We doen spelletjes tijdens het verhaal. Zitten als een stille kikker, Springen als een kikker een bek maken als een kikker, kikkerpootjes maken met je handen. Kwaken als een kikker, blubber als een visje, zwemmen als een visje.
Midden in de kring ligt een kleed met een kikker en een visje erop. De kleuters zijn nieuwsgierig.
Wat is het?
“Een vis, een kikker. Kan een vis in het water. Ja, maar niet erop, want vissen hebben geen poten. de vis moet onder water Als een kikker geboren wordt is hij eerst een vis.
Wat is er gebeurd met het visje?
“Hij kreeg twee poten. Het kwam door het slapen. Er kwam een toverheks die toverde het visje in een kikker. Hij ging daarna ook praten. Heeft dit visje poten? Nee! Wat is er veranderd. Het visje wordt een kikker omdat hij een vlieg heeft opgegeten. eerst kreeg hij poten en toen handen en toen een grote bek” Hij kreeg ook een lange tong. hij was eerst piepklein en toen ging hij groot worden. Werd het een grote vis? Nee het werd een kleine kikker. Nu heeft ze een kikkerlijf en is ze groot. Door te slapen. “Wat moet hij er voor doen om een kikker te worden? Helemaal niets! Hij moet heel hard zwemmen. Als een vis uit het water gaat is hij dood. En hoe zit dat met een kikkervisje? Hij moet eerst een worm eten, dan krijgt hij grote ogen en dan wordt hij kikker. Als hij pas geboren wordt en hij is uit het water dan is het zielig. Ze heeft alleen een staart en ze kan alleen maar kleine dingetjes eten. visjes eten alleen kleine wormen”
Is het een visje of een kikker?
Het is eerst een kikkervisje en daarna wordt het een kikker. Het is raar dat het hoofd vastzit aan de vin. Het visje was een kikker geworden. Het is een kikker , maar hij moet nog handen krijgen en nog steeds groter worden. Ze is een kikker, ze is al een vis geweest. Niet alle vissen worden kikkers. Als hij gaat slapen en dan wakker wordt is hij een kikker geworden. Het moet donker zijn en je moet niet kijken. Het visje moet eerst groter worden en eten , dan wordt hij pas een kikker. Als een vis uit een kikker is geboren wordt hij een kikker. Het visje is een kikker. Wordt jij ook een kikker als je gaat slapen? Nee! Alleen visjes kunnen kikkers worden. Nee dat kan niet omdat ik een mens ben. Het visje wilde ook een kikker worden en ik niet.”
Het kikkervisje heet Julia, maar als hij kikker is heet hij geen Julia meer. Het kikkervisje heeft andere kleuren, het visje gaat weg. Het visje gaat dood, omdat de kikker geen staart meer heeft.”
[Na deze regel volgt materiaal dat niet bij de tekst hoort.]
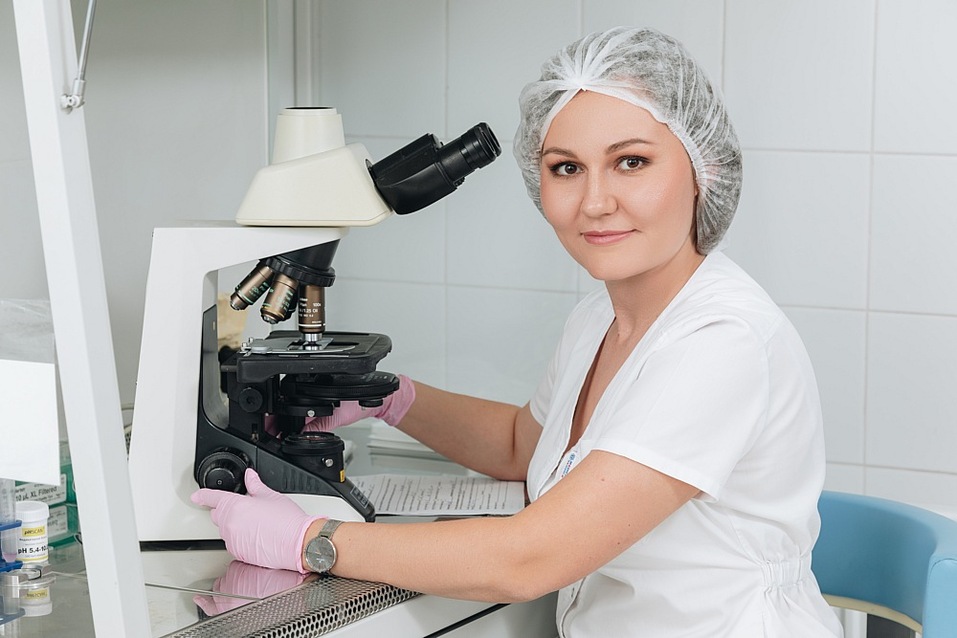 Любовь к себе начинается с профилактики: как визит к гинекологу может спасти жизнь 4 Любовь к себе начинается с профилактики: как визит к гинекологу может спасти жизнь 4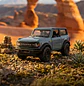 Ford Bronco A Escala 1:64 - Miniatura 1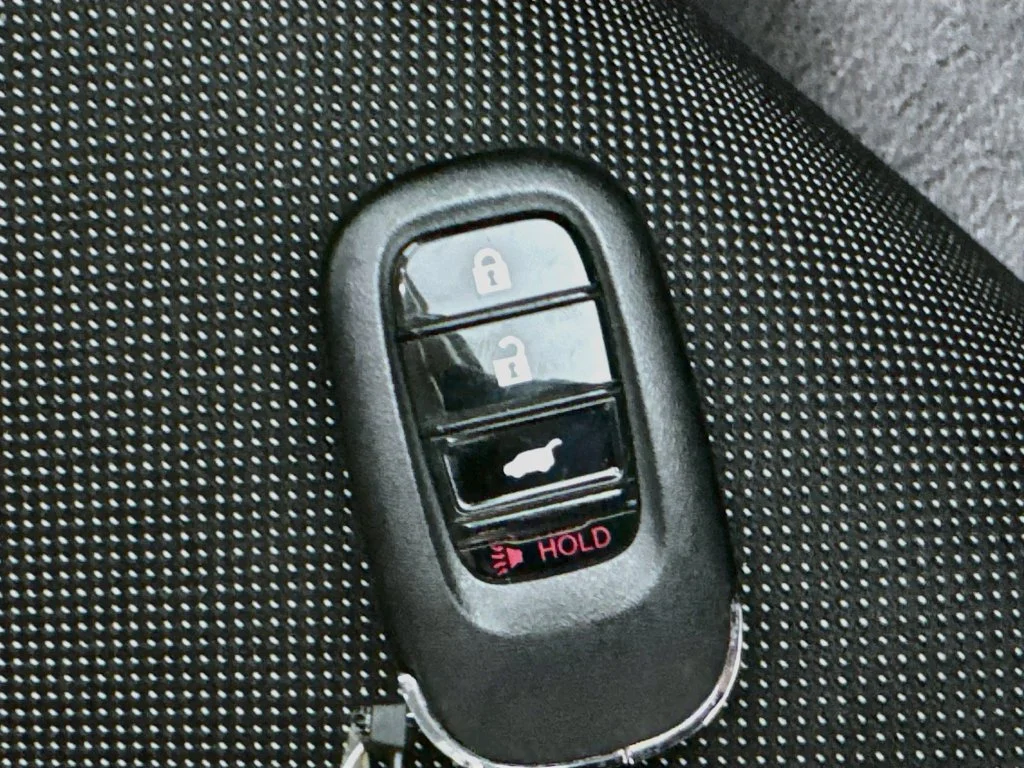Certified Used 2024 Still Night Pearl Honda LX image 34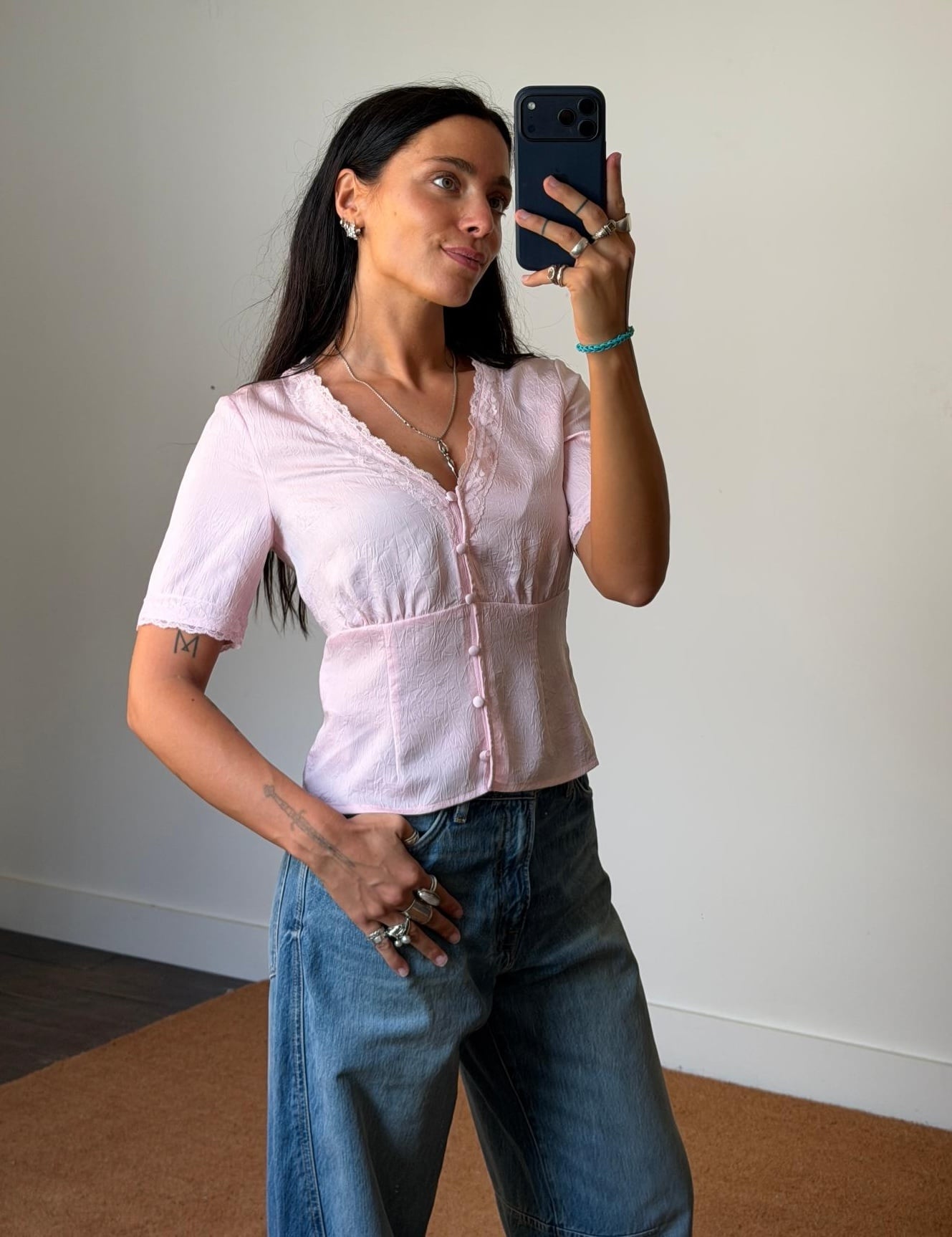 Baum Und Pferdgarten Melonie Blouse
Hoe weet hij dat hij een kikker is geworden?
Als het visje gaat springen en geluid maken is het een kikker. Visjes kunnen geen geluid maken en kikkers wel. Als hij staat heeft hij poten en als hij dan kan springen en lopen dan weet hij dat hij een kikker is. Maar een visje kan dat niet. Visjes hebben geen voetjes. De vis is nu weg. waar is de vis? Is hij dood? Nee, als de vis een kikker is geworden dan zit de vis in hem.”
Wat wil jij zijn een kikker of een visje?
Een kikker, want een visje gaat dood. Een kikker omdat een kikker blij is en kan springen, en goed kan kijken.
Een visje, omdat die goed kan zwemmen en ik vind zwemmen leuk.
We sluiten af met het kikker-visje spel.
De kikker met de
kikkerbroek en zwempoten mag zich verstoppen, het visje met een vissenstaart zoekt het spoor van de kikkerpootjes en er is een grote kikker die echt kan kwaken. De kinderen ervaren het verschil in voortbeweging met een staart of poten en ze oefenen met een spoor van pootjes maken; van visje, naar kikker.